“La grande bellezza” di nuovo al cinema con 30 minuti di inediti

Un film che è stato capace di emozionare. E vincere. Dialoghi minimali e azzeccati, fotografia da 110 e lode. Regia di tutto rispetto. Attori che rappresentano il meglio del panorama italiano.

la grande bellezza

A tre anni dall’uscita, ritorna al cinema solo per tre giorni, dal 27 al 29 giugno, La grande bellezza in versione integrale con trenta minuti di scene inedite. Tra le nuove scene quella in cui Jep Gambardella, disilluso scrittore e giornalista interpretato da Toni Servillo, incontra Giulio Brogi nel ruolo di un anziano regista che immagina di poter girare un ultimo film. Il “Maestro del cinema” racconta a Jep quello che definisce il suo primo “incanto”, l’accensione del primo semaforo installato a Milano tra piazza Duomo e via Torino: “Mi pare che fosse il 12 aprile 1925. Mio padre mi mise sulle spalle perché c’era una gran folla, ma capisce? Una folla, radunata per vedere un semaforo. Che bellezza! Che grande bellezza!”. E quella con Fiammetta Baralla nel ruolo della madre di Ramona (Sabrina Ferilli).

Sarà un ottimo viatico per rivedere al cinema l’incantevole ‘città eterna’. L’ha descritta bene Federico Fellini nel capolavoro “La dolce vita” e, indubbiamente, Paolo Sorrentino ne ha tratto giovamento. Tramite il suo attore-feticcio Toni Servillo, che interpreta il Gambardella di cui sopra, la esplora. In lungo e in largo, ma sempre in prospettiva. Una prospettiva geometrica, dedita all’armonia dei palazzi e dei monumenti.

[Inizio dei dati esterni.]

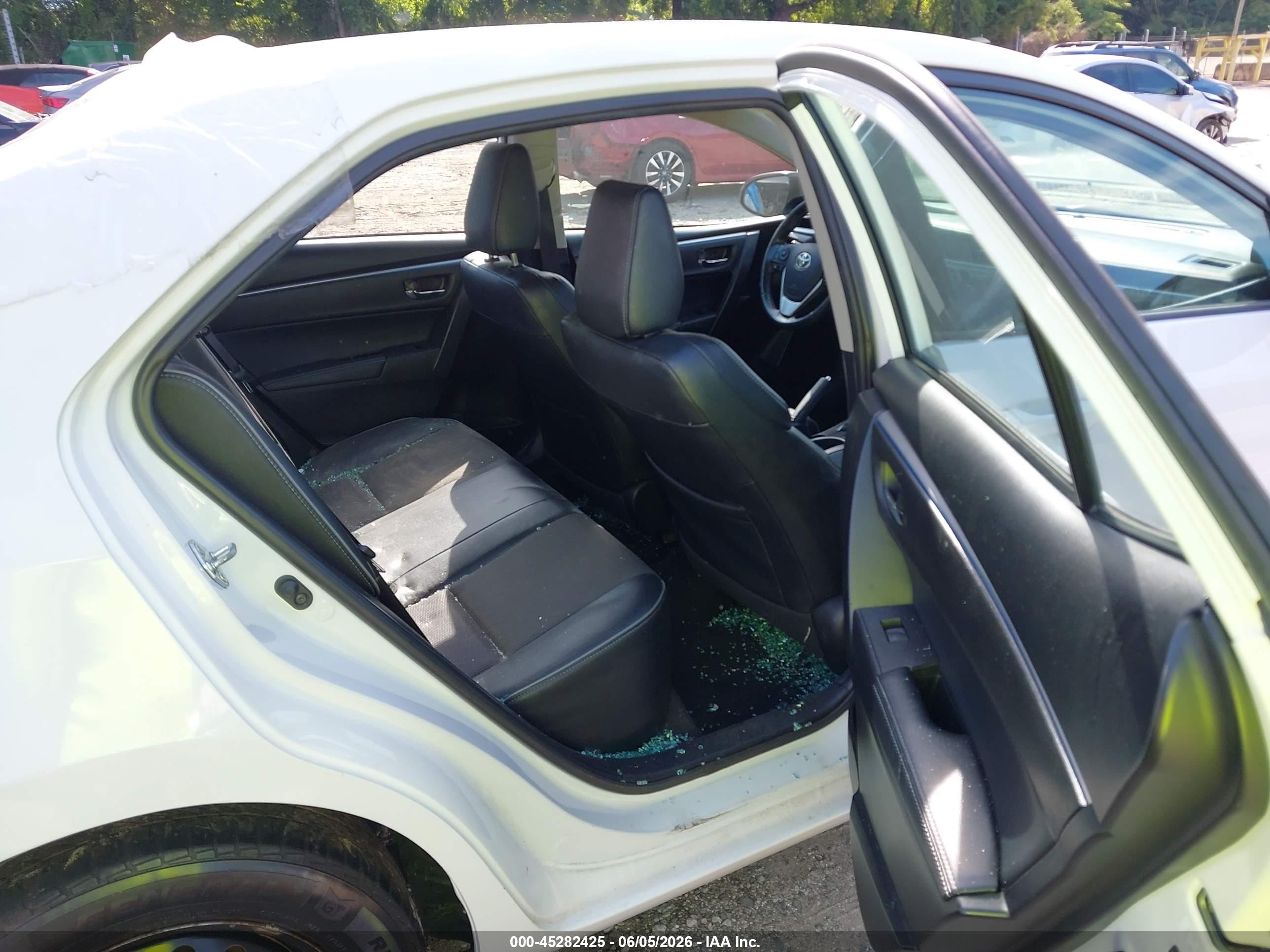 2015 Toyota Corolla S Plus White vin: 2T1BURHE9FC451895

Roma è una ‘Grande bellezza’. Forse, la più grande del film. La Roma dei benpensanti, dei cardinali che ‘non fanno onore al clero’, degli artisti di strada che più che per l’arte vorrebbero sopravvivere facendo ‘notizia’. Tutto e tutti sono parte integrante di un film che è un grande quadro. Una lettera (quasi) senza parole a presente e futura memoria. Non viene risparmiato nessuno quando è Jep Gambardella a parlare. Lui è un uomo diverso. Uno che alla domanda “cosa ti piace di più?” non risponderebbe come i suoi amici (“La donna”), bensì “L’odore delle case dei vecchi”.